Provided records section start
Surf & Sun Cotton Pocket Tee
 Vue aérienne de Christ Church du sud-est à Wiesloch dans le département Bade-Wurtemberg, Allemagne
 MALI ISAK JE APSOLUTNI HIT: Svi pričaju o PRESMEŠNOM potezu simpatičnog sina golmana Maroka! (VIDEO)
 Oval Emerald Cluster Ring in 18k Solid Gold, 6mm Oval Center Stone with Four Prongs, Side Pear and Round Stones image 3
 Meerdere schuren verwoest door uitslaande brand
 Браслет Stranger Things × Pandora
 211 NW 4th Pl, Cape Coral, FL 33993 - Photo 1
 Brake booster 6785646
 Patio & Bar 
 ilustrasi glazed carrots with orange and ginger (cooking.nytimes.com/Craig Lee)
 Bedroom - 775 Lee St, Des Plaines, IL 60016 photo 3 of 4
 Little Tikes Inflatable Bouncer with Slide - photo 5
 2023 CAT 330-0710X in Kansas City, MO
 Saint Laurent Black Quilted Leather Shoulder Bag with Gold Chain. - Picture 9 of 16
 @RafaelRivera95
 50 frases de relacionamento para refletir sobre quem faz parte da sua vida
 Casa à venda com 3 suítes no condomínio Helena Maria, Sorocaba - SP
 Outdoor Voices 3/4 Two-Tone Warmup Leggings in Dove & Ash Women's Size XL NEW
Provided records section end
**About this exercise:**
Write out the entries in full, exactly as given.

**Answer space:**
Surf & Sun Cotton Pocket Tee
 Vue aérienne de Christ Church du sud-est à Wiesloch dans le département Bade-Wurtemberg, Allemagne
 MALI ISAK JE APSOLUTNI HIT: Svi pričaju o PRESMEŠNOM potezu simpatičnog sina golmana Maroka! (VIDEO)
 Oval Emerald Cluster Ring in 18k Solid Gold, 6mm Oval Center Stone with Four Prongs, Side Pear and Round Stones image 3
 Meerdere schuren verwoest door uitslaande brand
 Браслет Stranger Things × Pandora
 211 NW 4th Pl, Cape Coral, FL 33993 - Photo 1
 Brake booster 6785646
 Patio & Bar 
 ilustrasi glazed carrots with orange and ginger (cooking.nytimes.com/Craig Lee)
 Bedroom - 775 Lee St, Des Plaines, IL 60016 photo 3 of 4
 Little Tikes Inflatable Bouncer with Slide - photo 5
 2023 CAT 330-0710X in Kansas City, MO
 Saint Laurent Black Quilted Leather Shoulder Bag with Gold Chain. - Picture 9 of 16
 @RafaelRivera95
 50 frases de relacionamento para refletir sobre quem faz parte da sua vida
 Casa à venda com 3 suítes no condomínio Helena Maria, Sorocaba - SP
 Outdoor Voices 3/4 Two-Tone Warmup Leggings in Dove & Ash Women's Size XL NEW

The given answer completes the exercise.